Opened 5 years ago

Last modified 4 years ago

#14131 new Cleanup/optimization

The pagination module should have some limit, or a warning should be given in the documentation

Reported by: mlissner Owned by: nobody
Component: Core (Other) Version: master
Severity: Normal Keywords:
Cc: Triage Stage: Accepted
Has patch: no Needs documentation: no
Needs tests: no Patch needs improvement: no
Easy pickings: no UI/UX: no

Description

Perhaps I'm off base on this, but I was just analyzing my slow queries log, and I noticed that the pagination module produces some incredibly slow queries in MySQL when high page numbers are requested. This just took down my server, so I was thinking about possible solutions.

The pagination module is using the OFFSET MySQL clause, which, as I understand it, must iterate over every row up to the OFFSET number in order to work.

The two solutions I thought of for this were:

  1. Add something to the documentation that indicates how this might produce very slow queries.
  1. Add code to the pagination module to either:
  1. Solve the problem with smarter MySQL queries (not sure if/how this is possible, sorry); or
  2. Allow a max_pages attribute, which throws some kind of error when the max_page number is exceeded.
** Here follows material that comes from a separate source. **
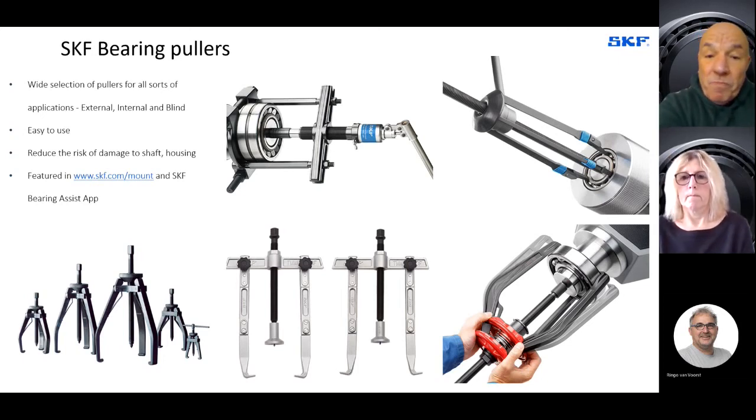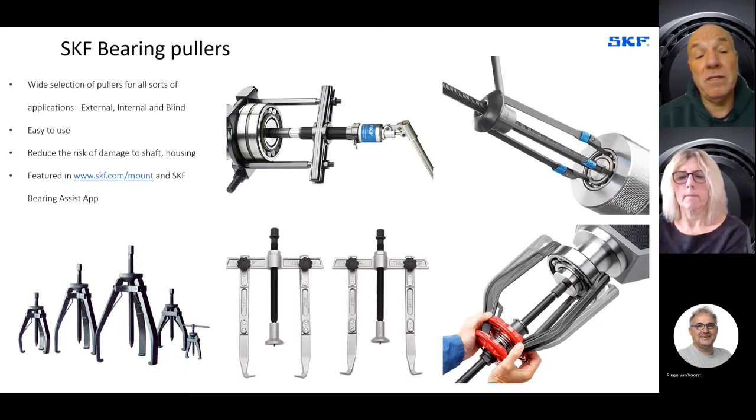With larger bearings, you might want to consider a hydraulic spindle rather than manually dismounting — that makes it far easier to remove a bearing from a shaft. The hydraulic spindle diagram also shows a strong back behind the bearing housing, ensuring you put the dismounting force against the ring where it has an interference fit on the shaft. It's important to reduce the risk of damage to bearing seatings when dismounting, because new bearings fitted to damaged seatings will cause premature failure of the new bearing. You can go to skf.com/mount or the Bearing Assist app for a method statement and the correct tools for dismounting.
It could even have a sane default, keeping people within normal limits.

Admittedly, 2b is the solution I'm coding up right now, but it would be nice if Django enforced, or at least hinted at, a solution to this problem.

I've also (FWIW) tested pagination on Google, Yahoo, and Bing, and all three limit their results (Bing: page 20, Google: page 100, and Yahoo: page 100).

Change History (5)

comment:1 Changed 5 years ago by PaulM

  • Needs documentation unset
  • Needs tests unset
  • Patch needs improvement unset
  • Triage Stage changed from Unreviewed to Accepted

I agree that this should be documented as a potential gotcha.

LIMIT/OFFSET is slow for the reasons you mentioned.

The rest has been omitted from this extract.